→ What needs to be done: Write out exactly the lines from the one containing "2018社区妇联工作计划范文" through the last line of the records below, both included, and leave out any pictures.

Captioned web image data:

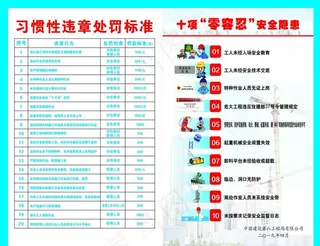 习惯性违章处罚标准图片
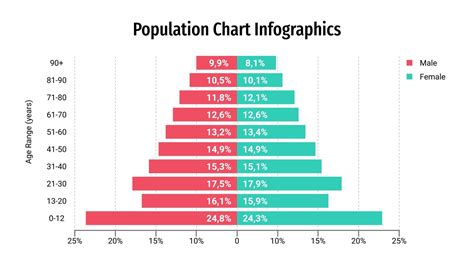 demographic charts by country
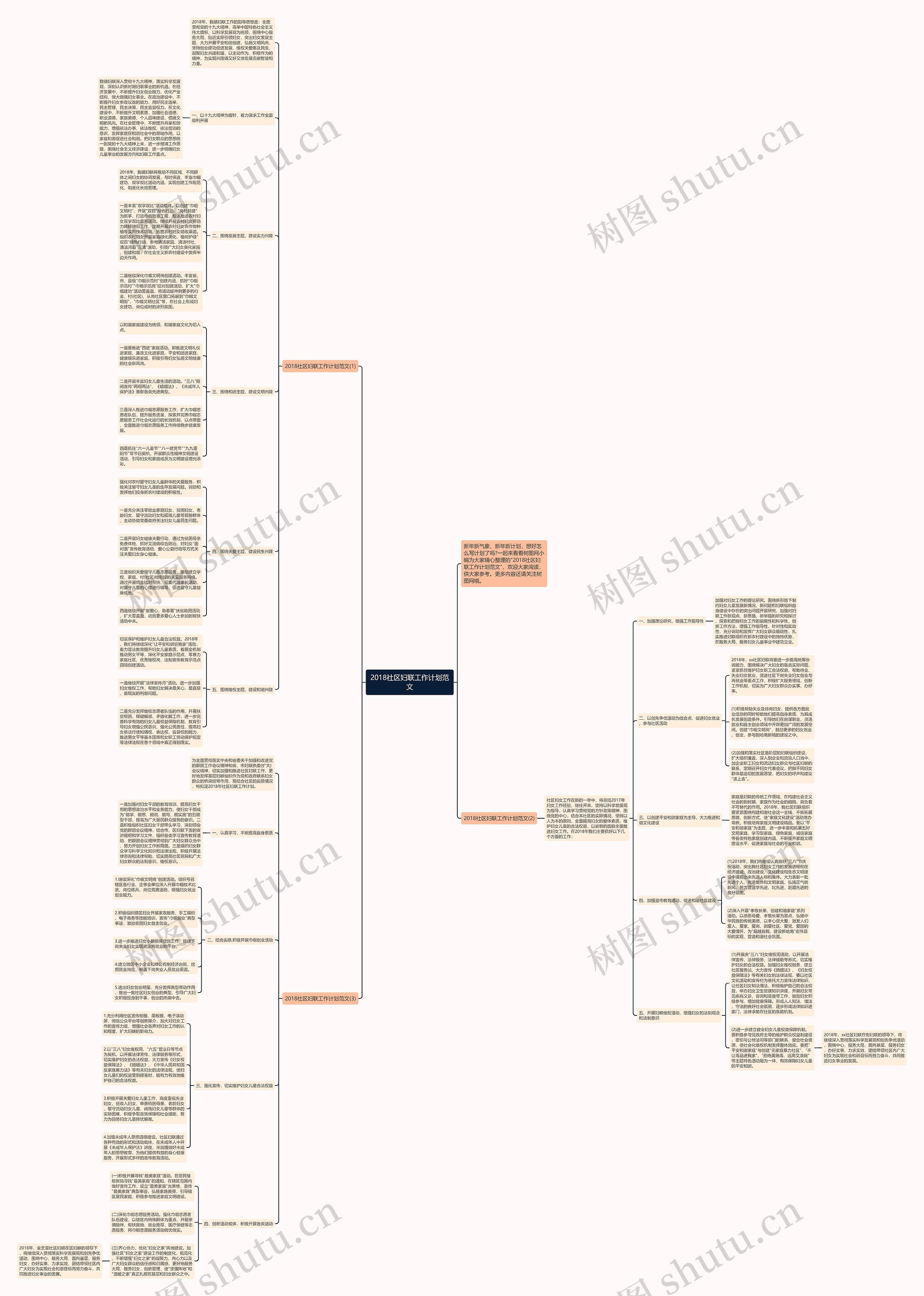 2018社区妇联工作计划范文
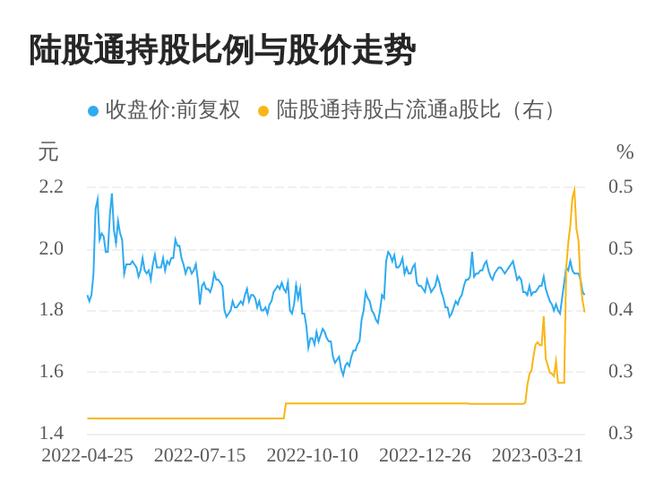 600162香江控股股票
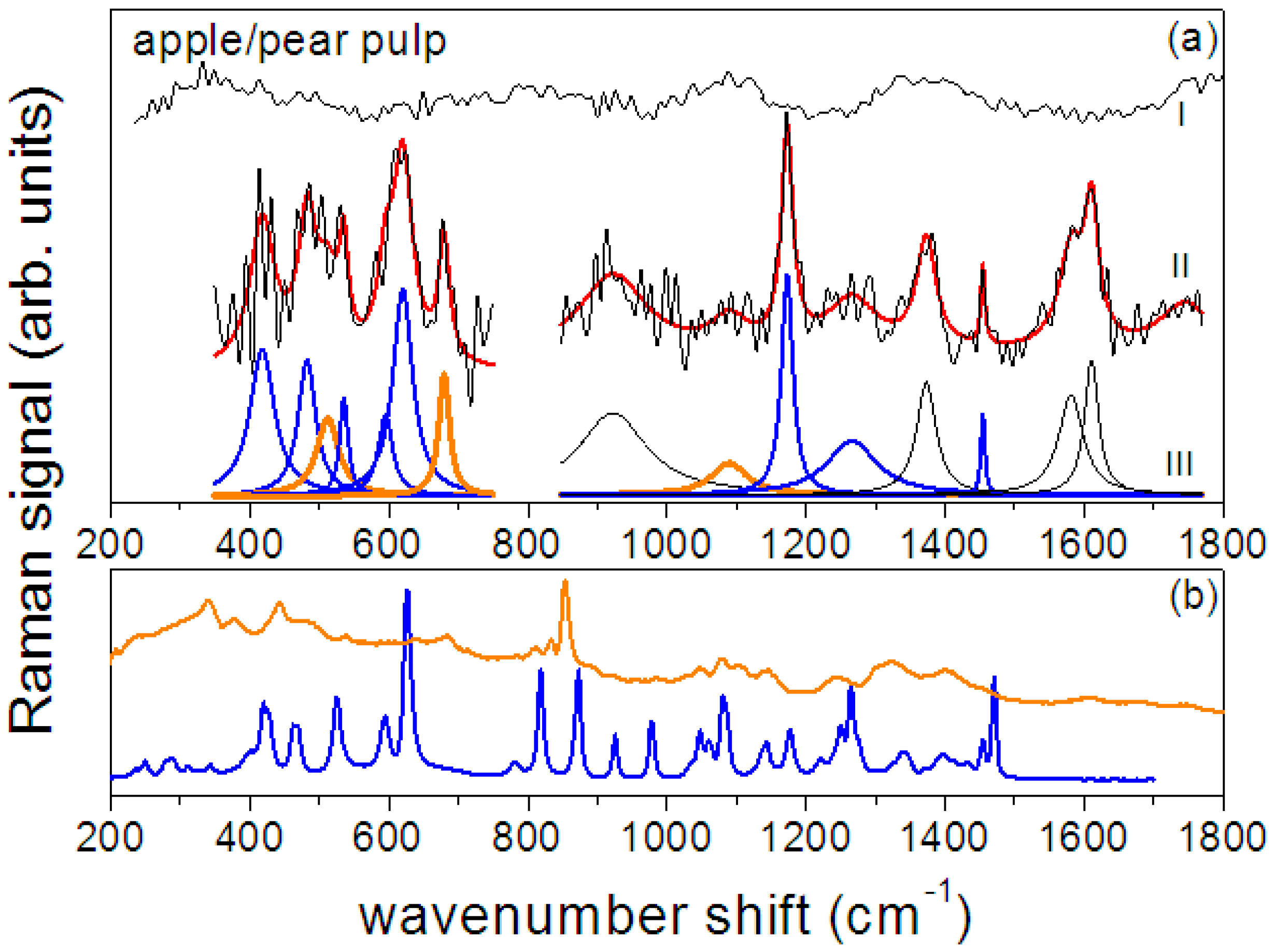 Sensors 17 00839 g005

→ Result of this task:
 2018社区妇联工作计划范文
 600162香江控股股票
 Sensors 17 00839 g005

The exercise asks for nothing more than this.